From "Housework Dog" to "Treat Finder" and A Couple New Spanish Words

Whew, a multi-faceted day for Wally on this Saturday!

The Housework Dog

Or, at least my assistant of sorts. He got a lot of practice with opening and closing the doors today as I had lots of things to carry around and stuff to do all over the house. Actually, he got a lot of practice all the way around because he had to go up and down the stairs as well.

In addition, I was cooking so there were times when he had to bark at timers going off (a job he loves). He even barked at the tea kettle when I got side tracked and forgot I had it on. If only I could get him to bark at when a pot boils over!

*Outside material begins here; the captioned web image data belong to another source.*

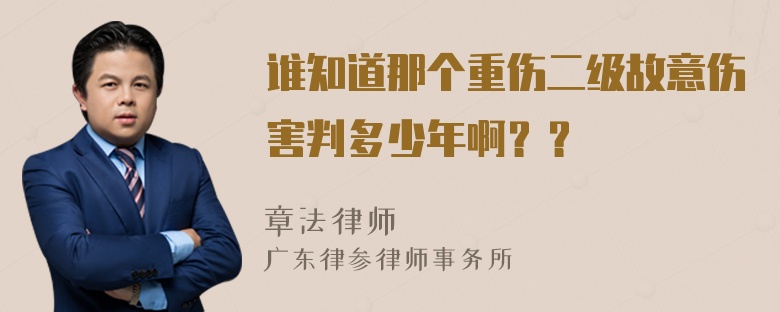 谁知道那个重伤二级故意伤害判多少年啊？？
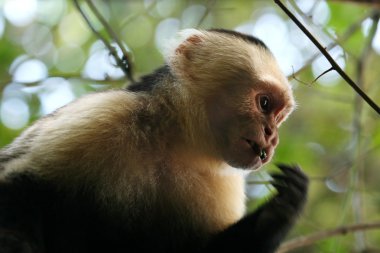 capuchin maymunu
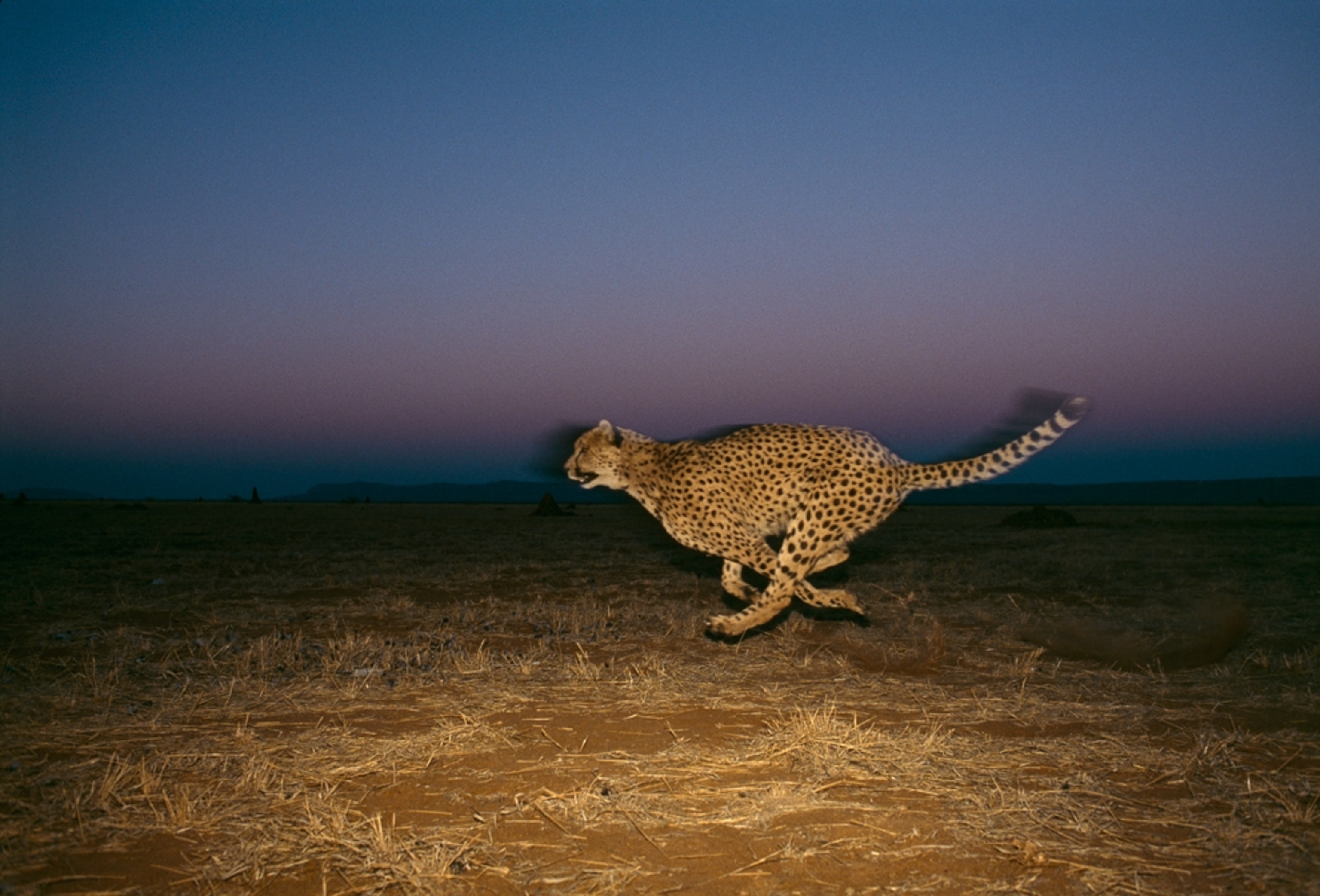 Cheetah picture: animal in Botswana, part of the world's biggest conservation area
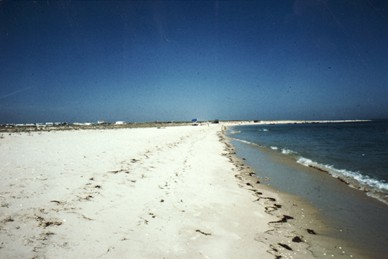 Am Strand den Sand mit den Fssen
                      umgraben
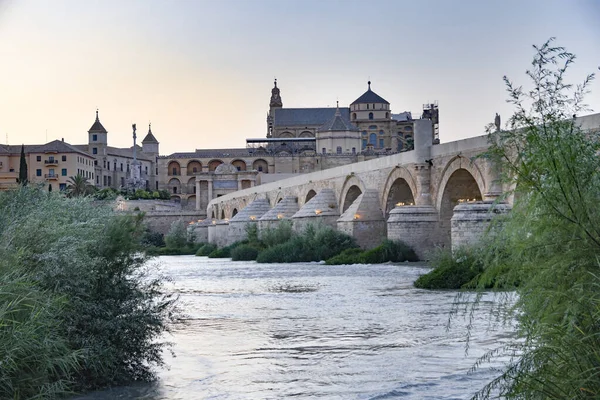 Cami Manzarası Katedral Köprü Nehir — Stok fotoğraf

About only thing I didn't have him do was carry things for me. I didn't think about it at the time, and too bad because this would have been a perfect time to get him more used to carrying different things. Other than that, he was very good with getting the doors opened and closed and he remembered all his Spanish nicely.


The Treat Finder

Instead of having to hunt around for leftover treats and other crumbs, I had Wally do it. This gave me an excuse for using a kind-of-new Spanish cue, "Donde esta?", the new cue for "find it" (it means, "where is it?", prompting him to go find "it" in the future, I'll be trying to attach names of things). We've been working on this a bit, so he had an idea of what to do.

He was a bit confused at first because I didn't set up anything for him to find (he's used to me explicitly hiding things for him to find), but after some encouraging and saying the cue again in an excited way got him going and sniffing around. Once he did that, he was finding some crumbs and stuff. He sniffed around for a little while and then looked up at me since he couldn't find anything else.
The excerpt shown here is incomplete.